INSTRUCTIONS FOR THE TASK:
Scan the listing and copy each line where the word "standing" is present.

MATERIALS PROVIDED:
|---|
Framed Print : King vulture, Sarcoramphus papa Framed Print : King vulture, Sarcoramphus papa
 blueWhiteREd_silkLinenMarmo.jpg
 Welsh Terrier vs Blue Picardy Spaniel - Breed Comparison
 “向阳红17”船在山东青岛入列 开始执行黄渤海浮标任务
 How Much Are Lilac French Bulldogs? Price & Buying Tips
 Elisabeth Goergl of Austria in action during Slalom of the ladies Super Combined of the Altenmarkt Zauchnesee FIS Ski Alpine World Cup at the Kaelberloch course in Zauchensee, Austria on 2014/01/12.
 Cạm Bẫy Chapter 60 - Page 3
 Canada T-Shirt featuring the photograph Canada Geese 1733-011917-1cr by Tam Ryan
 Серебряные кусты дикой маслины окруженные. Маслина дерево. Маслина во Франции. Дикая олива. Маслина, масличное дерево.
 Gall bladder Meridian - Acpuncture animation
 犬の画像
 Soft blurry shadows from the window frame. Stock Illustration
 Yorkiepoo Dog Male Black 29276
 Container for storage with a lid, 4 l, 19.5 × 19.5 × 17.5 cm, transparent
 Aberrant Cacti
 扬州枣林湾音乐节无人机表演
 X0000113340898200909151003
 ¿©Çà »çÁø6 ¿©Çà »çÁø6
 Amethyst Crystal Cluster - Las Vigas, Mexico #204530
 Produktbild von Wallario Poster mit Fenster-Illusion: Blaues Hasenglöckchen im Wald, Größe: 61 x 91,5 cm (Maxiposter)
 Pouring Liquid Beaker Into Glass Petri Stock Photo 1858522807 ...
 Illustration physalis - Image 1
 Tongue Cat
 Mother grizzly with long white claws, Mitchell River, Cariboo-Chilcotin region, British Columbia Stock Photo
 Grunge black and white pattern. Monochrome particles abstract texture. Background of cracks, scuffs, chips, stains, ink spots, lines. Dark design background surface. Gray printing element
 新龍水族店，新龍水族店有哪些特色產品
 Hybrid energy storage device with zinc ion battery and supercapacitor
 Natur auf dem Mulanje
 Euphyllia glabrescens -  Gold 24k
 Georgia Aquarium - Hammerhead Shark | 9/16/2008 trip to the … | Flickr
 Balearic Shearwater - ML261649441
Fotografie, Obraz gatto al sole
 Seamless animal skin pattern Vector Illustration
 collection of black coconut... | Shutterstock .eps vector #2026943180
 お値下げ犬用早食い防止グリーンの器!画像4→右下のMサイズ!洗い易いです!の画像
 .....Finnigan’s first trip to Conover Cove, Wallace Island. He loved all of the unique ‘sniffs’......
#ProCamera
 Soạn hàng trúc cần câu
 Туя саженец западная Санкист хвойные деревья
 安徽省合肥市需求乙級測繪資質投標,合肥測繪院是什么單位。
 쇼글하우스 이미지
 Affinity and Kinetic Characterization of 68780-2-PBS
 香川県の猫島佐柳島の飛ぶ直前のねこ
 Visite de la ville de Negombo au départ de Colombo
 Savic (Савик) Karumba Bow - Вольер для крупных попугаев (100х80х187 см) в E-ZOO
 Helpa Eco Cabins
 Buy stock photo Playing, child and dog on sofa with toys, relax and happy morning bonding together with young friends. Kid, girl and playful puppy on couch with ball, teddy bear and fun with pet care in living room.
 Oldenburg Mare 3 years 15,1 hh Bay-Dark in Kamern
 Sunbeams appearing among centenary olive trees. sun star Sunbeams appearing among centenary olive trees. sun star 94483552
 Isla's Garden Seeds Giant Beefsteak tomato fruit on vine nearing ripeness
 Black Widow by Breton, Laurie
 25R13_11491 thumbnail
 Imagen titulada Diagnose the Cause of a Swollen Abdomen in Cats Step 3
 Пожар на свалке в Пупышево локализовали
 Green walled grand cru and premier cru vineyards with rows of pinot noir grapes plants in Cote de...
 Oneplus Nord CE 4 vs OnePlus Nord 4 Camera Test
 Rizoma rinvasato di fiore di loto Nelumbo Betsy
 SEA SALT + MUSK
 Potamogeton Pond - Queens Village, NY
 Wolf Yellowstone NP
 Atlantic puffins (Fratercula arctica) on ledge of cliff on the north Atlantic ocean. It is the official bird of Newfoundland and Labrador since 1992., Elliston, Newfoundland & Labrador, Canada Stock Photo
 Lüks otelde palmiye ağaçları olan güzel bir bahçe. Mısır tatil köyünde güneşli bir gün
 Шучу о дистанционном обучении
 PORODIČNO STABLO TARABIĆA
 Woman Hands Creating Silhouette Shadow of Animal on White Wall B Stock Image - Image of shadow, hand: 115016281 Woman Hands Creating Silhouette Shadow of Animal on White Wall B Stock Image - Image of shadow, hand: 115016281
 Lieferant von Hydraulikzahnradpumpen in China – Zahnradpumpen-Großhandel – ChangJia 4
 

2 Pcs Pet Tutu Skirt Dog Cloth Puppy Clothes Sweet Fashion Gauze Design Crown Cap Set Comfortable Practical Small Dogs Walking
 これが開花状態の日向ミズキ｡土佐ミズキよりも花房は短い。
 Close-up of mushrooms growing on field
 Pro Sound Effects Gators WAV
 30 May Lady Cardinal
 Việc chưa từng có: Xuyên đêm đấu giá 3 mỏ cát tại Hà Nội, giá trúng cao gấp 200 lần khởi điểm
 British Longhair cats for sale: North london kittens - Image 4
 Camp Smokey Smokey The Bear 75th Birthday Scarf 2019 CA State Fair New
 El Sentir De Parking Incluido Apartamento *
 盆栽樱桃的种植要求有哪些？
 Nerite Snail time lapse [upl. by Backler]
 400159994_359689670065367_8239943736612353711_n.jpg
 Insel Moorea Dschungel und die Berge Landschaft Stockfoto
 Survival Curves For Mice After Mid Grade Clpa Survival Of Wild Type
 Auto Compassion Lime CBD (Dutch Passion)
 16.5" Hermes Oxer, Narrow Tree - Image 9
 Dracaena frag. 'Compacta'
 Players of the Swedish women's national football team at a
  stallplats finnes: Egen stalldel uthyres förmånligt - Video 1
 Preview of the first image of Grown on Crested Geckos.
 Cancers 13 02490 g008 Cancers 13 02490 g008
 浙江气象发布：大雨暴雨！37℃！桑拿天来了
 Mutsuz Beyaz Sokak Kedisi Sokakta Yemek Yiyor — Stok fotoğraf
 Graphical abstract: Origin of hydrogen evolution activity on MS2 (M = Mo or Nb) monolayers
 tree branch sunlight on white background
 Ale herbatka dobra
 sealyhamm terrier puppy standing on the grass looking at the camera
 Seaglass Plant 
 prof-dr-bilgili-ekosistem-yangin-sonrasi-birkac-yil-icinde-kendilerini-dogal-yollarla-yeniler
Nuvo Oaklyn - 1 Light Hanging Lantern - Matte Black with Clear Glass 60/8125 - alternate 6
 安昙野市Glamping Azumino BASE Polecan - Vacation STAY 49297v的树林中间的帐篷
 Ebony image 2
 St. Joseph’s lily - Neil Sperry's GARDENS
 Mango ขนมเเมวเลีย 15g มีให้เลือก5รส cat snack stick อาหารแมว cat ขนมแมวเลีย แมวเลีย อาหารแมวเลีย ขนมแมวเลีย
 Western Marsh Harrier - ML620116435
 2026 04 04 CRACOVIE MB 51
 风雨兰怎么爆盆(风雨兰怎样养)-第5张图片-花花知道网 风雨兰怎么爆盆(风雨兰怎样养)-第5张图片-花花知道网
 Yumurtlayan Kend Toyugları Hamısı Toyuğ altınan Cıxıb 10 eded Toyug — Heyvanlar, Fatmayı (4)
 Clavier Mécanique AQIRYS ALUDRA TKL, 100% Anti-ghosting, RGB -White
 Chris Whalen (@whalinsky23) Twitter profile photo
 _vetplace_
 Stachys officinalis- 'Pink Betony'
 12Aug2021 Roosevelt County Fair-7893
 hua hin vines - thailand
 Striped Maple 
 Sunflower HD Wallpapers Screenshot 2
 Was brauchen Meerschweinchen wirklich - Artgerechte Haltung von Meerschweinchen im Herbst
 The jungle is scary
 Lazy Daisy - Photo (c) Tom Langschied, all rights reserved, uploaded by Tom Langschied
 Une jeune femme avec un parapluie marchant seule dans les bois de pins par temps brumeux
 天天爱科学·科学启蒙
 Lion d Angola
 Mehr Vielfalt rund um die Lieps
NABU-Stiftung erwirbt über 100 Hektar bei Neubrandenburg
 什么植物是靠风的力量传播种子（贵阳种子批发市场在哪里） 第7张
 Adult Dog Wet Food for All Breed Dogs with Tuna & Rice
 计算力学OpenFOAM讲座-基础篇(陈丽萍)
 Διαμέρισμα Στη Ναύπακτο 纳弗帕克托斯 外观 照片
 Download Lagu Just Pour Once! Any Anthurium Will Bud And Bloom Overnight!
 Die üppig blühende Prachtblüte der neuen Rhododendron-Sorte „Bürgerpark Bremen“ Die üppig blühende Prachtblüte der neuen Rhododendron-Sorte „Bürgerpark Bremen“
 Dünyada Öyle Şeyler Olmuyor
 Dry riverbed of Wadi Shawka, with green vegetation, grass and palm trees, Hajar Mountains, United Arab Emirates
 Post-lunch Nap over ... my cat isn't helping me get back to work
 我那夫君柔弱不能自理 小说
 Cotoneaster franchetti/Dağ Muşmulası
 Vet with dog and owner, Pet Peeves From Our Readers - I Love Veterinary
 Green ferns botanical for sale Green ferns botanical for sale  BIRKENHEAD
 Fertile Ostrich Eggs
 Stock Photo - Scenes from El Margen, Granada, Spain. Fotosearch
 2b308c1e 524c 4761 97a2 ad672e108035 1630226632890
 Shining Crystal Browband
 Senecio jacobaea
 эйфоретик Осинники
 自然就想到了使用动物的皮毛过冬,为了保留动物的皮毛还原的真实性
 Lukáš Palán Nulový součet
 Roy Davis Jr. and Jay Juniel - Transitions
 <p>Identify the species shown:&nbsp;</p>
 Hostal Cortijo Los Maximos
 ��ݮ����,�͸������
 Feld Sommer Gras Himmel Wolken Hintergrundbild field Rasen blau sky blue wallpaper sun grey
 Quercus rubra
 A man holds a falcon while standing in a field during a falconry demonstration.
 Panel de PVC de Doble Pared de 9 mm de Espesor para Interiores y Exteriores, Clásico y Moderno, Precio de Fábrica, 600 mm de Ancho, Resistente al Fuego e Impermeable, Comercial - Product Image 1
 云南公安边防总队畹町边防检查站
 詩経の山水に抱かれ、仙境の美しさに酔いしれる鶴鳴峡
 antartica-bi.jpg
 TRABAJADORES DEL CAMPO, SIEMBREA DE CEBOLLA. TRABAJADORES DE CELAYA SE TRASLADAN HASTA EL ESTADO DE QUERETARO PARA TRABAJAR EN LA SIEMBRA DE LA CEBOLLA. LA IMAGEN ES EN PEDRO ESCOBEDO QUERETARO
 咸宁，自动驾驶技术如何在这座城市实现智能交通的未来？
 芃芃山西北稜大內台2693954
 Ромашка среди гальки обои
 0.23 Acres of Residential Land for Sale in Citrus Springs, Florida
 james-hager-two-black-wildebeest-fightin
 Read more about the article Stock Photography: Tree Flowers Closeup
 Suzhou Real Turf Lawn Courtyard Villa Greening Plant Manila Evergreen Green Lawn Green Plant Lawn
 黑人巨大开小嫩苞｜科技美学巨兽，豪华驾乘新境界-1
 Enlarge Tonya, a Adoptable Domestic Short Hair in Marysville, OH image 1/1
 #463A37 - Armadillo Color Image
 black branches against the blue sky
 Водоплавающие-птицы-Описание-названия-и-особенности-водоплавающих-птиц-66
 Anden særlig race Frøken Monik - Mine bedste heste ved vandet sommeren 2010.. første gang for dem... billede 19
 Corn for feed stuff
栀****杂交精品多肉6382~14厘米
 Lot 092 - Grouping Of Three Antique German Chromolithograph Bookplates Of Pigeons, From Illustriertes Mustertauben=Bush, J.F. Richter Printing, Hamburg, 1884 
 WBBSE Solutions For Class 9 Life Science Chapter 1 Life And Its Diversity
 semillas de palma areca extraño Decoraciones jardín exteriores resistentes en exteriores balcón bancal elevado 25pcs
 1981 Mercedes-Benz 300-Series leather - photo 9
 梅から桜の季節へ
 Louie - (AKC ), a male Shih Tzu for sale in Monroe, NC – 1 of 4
|---|
EXERCISE RESPONSE:
 sealyhamm terrier puppy standing on the grass looking at the camera
 A man holds a falcon while standing in a field during a falconry demonstration.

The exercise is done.